Input data:
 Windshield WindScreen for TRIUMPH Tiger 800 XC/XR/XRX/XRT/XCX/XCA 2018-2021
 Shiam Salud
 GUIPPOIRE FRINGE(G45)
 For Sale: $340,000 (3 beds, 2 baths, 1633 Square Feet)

* * *

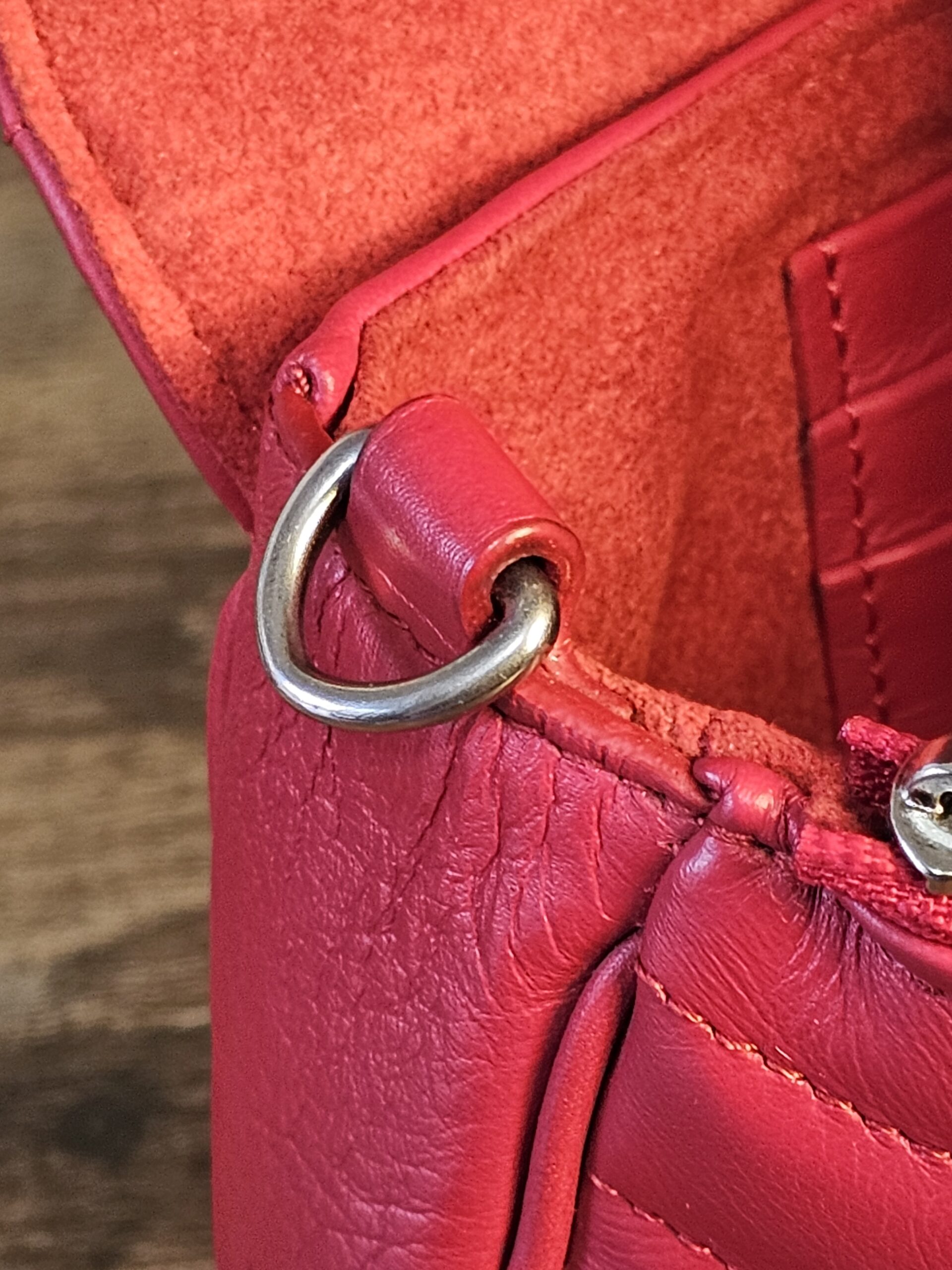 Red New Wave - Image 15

---

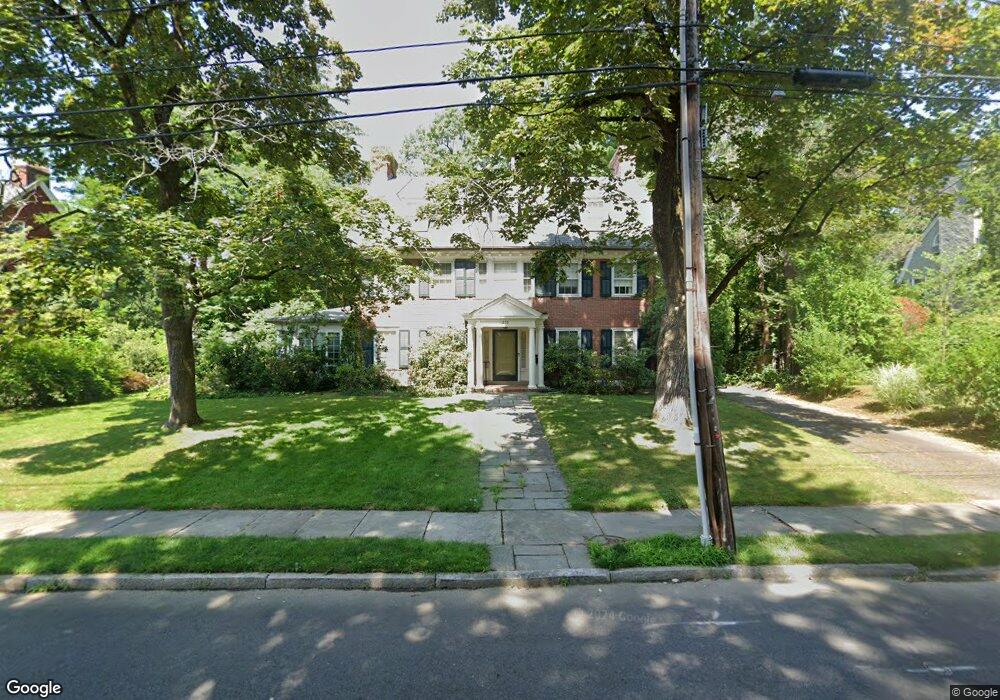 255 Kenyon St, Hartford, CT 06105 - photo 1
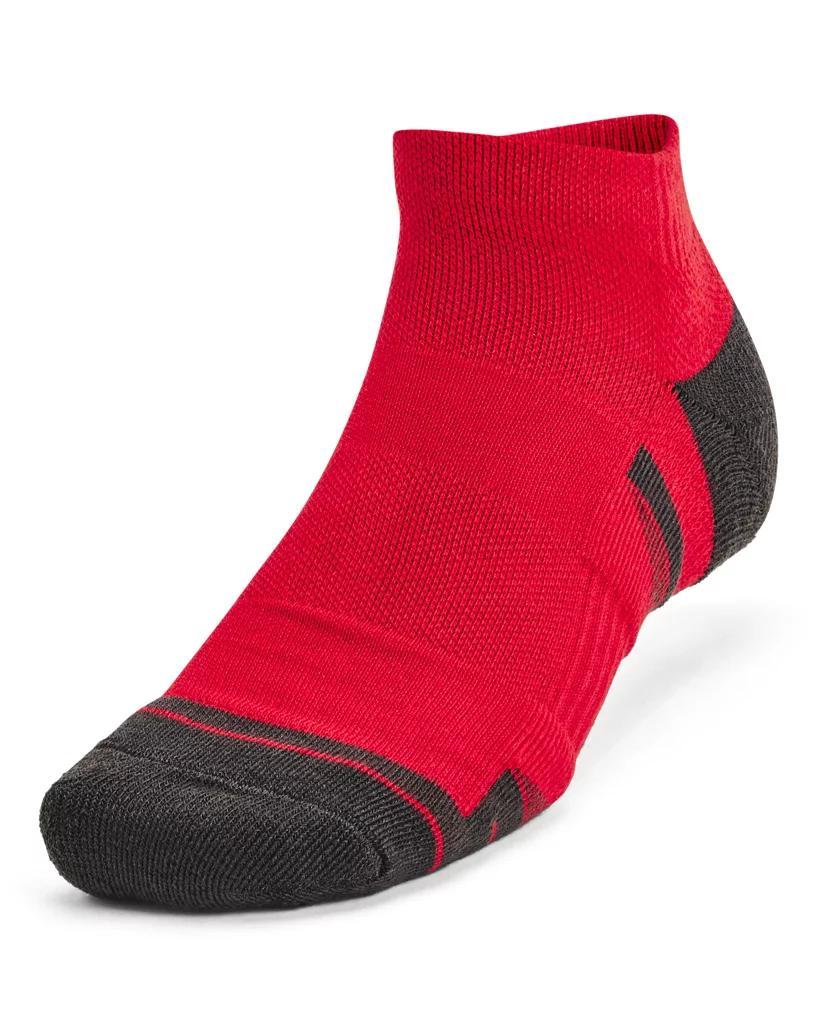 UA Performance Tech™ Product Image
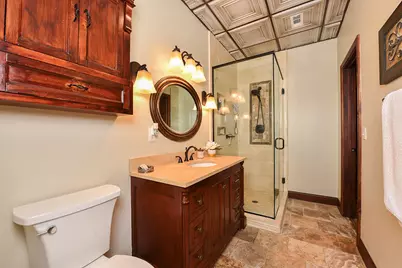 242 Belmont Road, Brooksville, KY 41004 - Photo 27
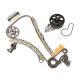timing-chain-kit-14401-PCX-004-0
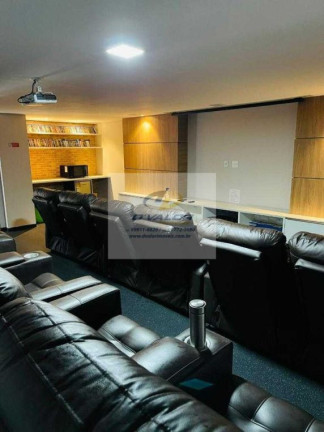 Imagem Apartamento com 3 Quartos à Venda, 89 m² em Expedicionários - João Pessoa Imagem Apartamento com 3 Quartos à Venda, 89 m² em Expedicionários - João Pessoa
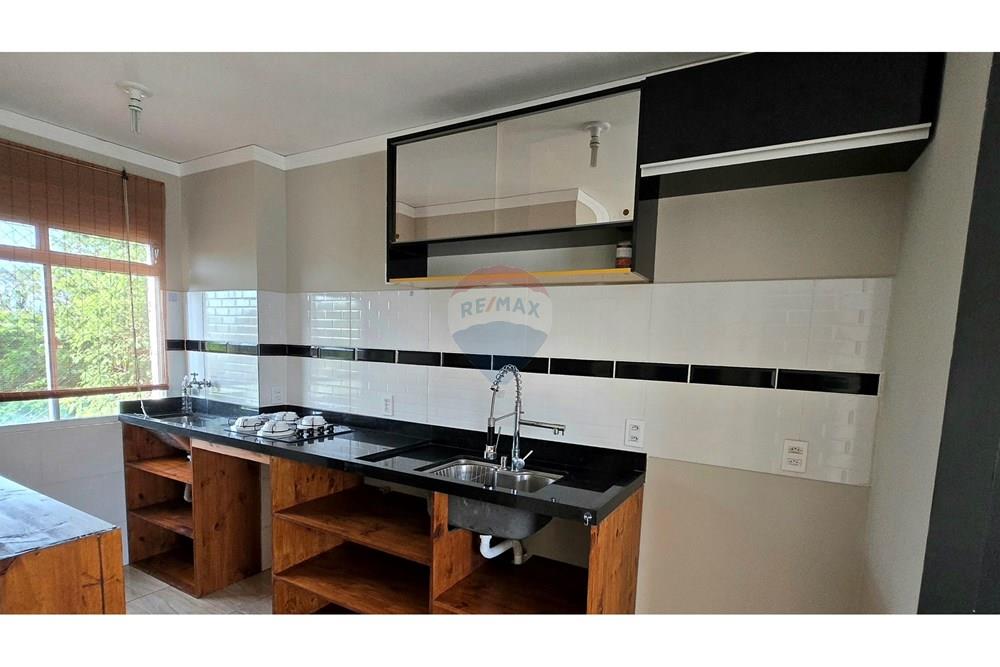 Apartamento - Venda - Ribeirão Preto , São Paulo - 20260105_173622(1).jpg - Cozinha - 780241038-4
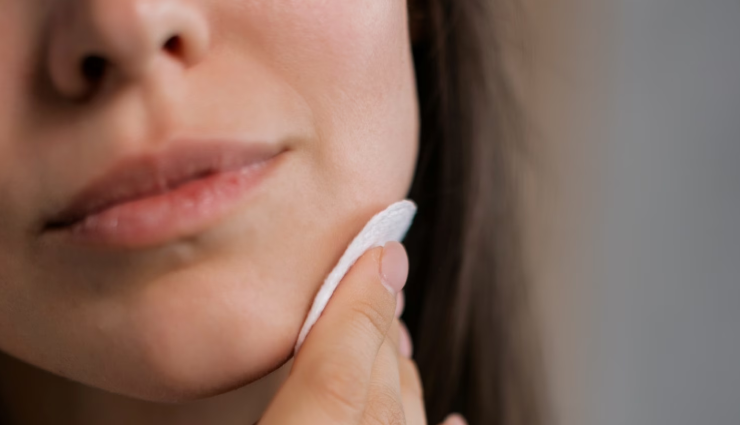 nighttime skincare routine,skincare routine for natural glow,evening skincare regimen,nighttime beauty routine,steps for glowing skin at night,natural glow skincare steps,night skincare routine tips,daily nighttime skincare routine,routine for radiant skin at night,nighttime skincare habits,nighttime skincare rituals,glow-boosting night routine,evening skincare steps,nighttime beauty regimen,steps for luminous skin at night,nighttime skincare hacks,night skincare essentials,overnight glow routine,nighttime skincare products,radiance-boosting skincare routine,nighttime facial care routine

What you need to do: Pictures excluded, transcribe the listing above exactly from the line with "Apartamento - Venda" through the line with "nighttime skincare routine,skincare", and no further.

Solution to this exercise:
 Apartamento - Venda - Ribeirão Preto , São Paulo - 20260105_173622(1).jpg - Cozinha - 780241038-4
 nighttime skincare routine,skincare routine for natural glow,evening skincare regimen,nighttime beauty routine,steps for glowing skin at night,natural glow skincare steps,night skincare routine tips,daily nighttime skincare routine,routine for radiant skin at night,nighttime skincare habits,nighttime skincare rituals,glow-boosting night routine,evening skincare steps,nighttime beauty regimen,steps for luminous skin at night,nighttime skincare hacks,night skincare essentials,overnight glow routine,nighttime skincare products,radiance-boosting skincare routine,nighttime facial care routine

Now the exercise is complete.